== WORK TASK ==
Using the records below, write out only the lines from the line containing "Black Leopard Print" up to and including the line containing "Gap Womens Small", exactly, with no pictures.

== EXERCISE INPUT ==
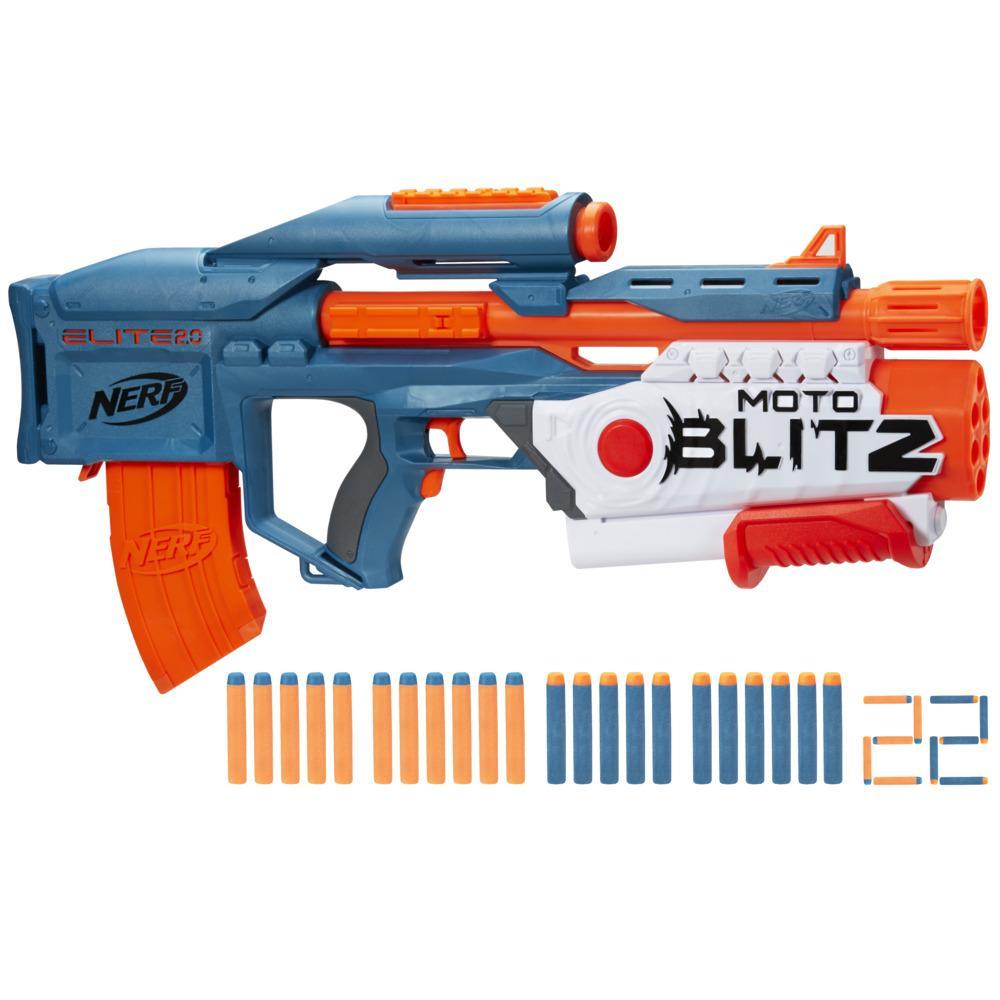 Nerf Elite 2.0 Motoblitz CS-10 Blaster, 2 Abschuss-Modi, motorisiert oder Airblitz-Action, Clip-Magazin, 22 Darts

==

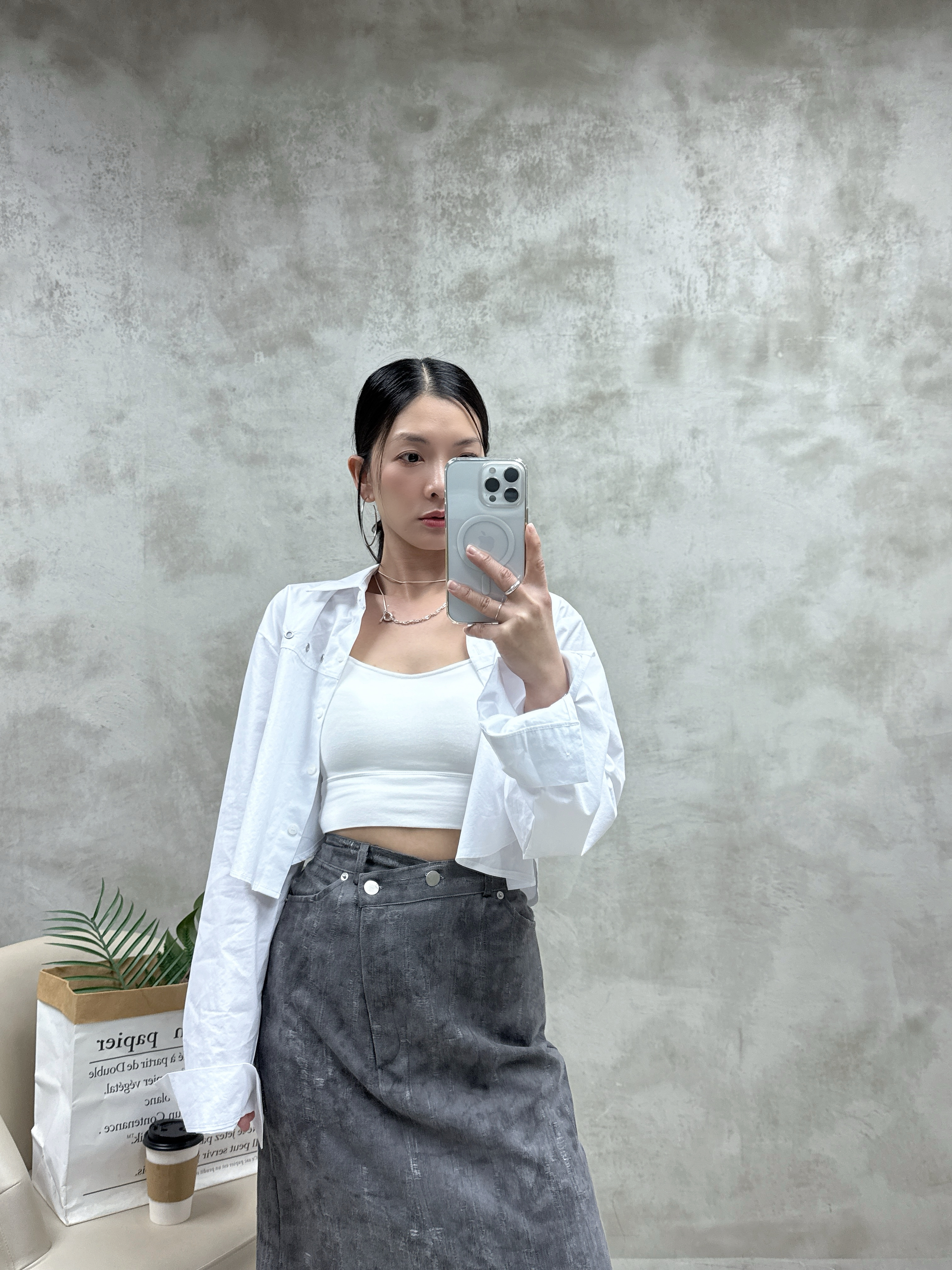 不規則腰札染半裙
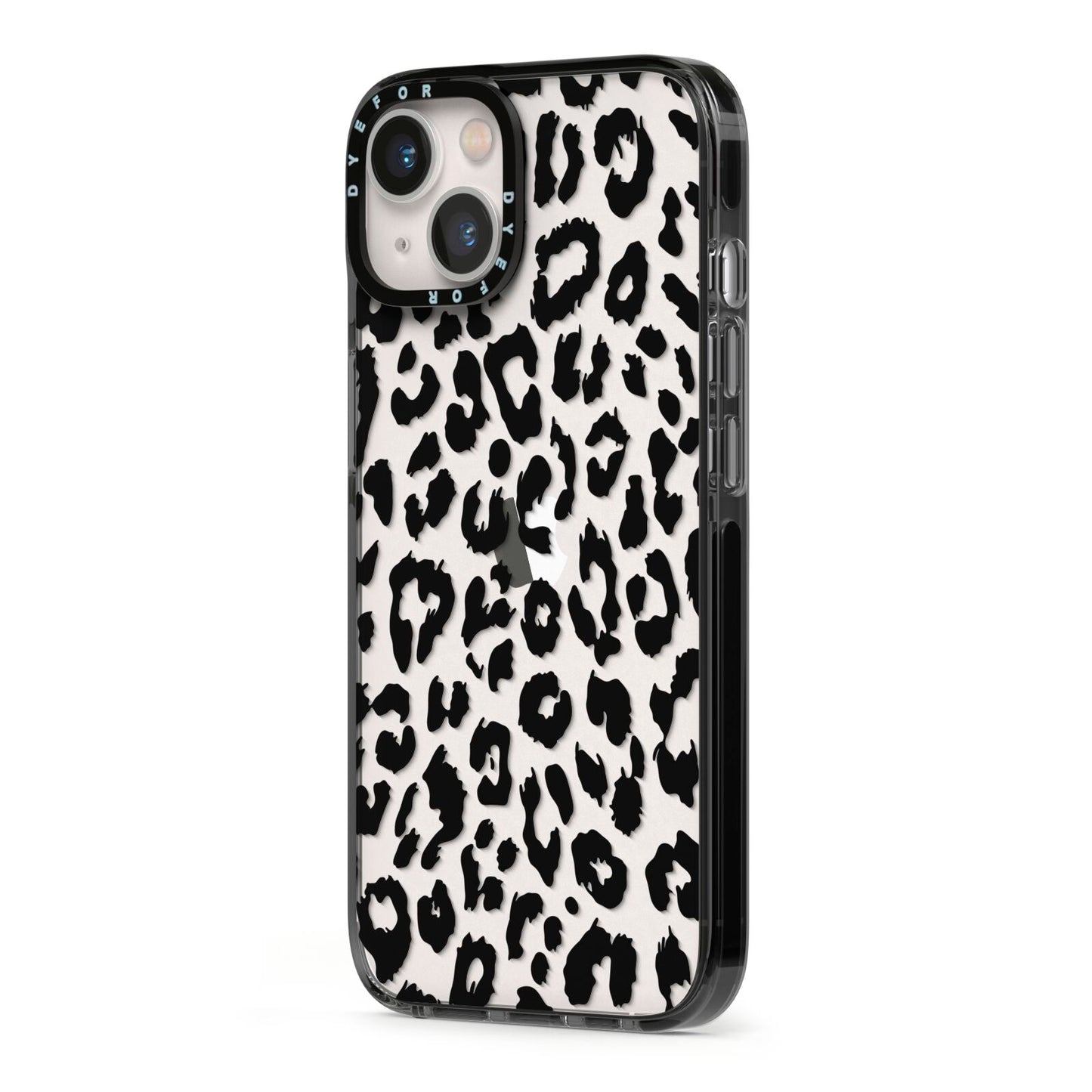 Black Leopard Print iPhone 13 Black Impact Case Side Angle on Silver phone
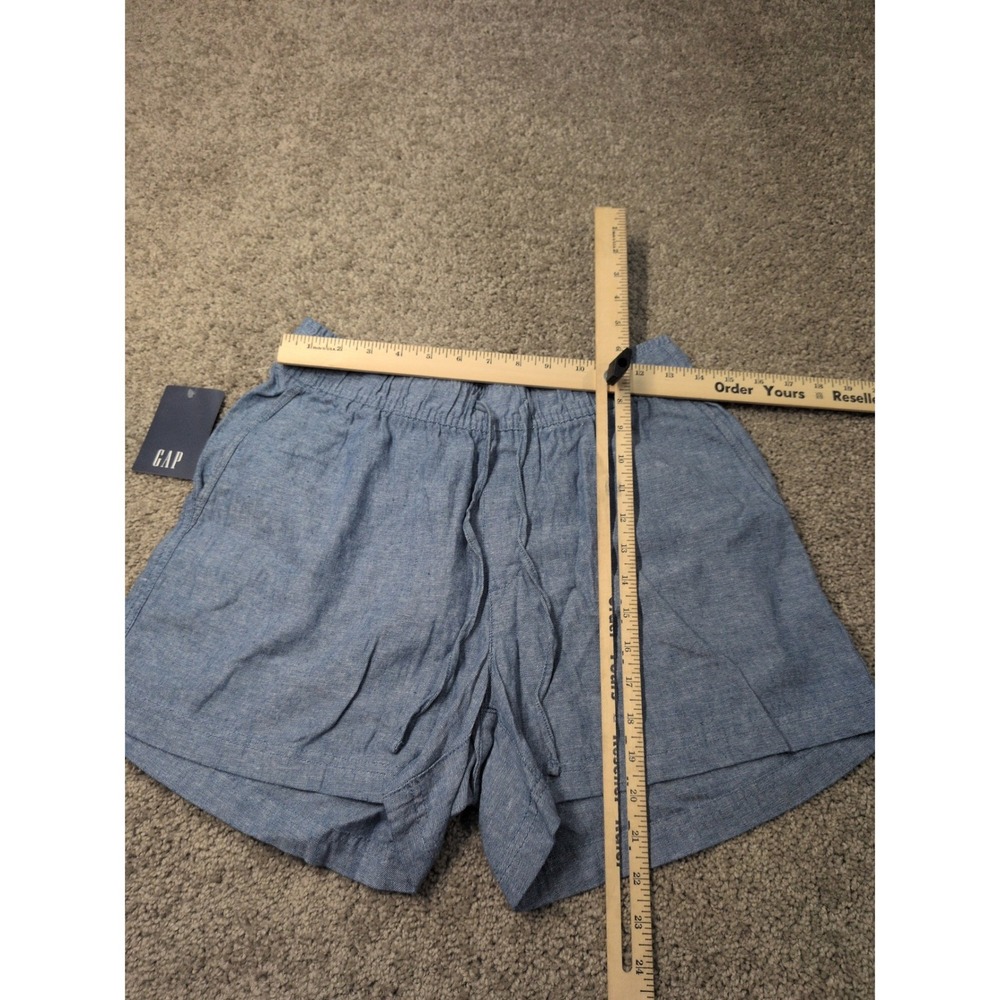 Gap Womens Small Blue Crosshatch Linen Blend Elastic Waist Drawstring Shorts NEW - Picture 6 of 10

== TASK ANSWER ==
 Black Leopard Print iPhone 13 Black Impact Case Side Angle on Silver phone
 Gap Womens Small Blue Crosshatch Linen Blend Elastic Waist Drawstring Shorts NEW - Picture 6 of 10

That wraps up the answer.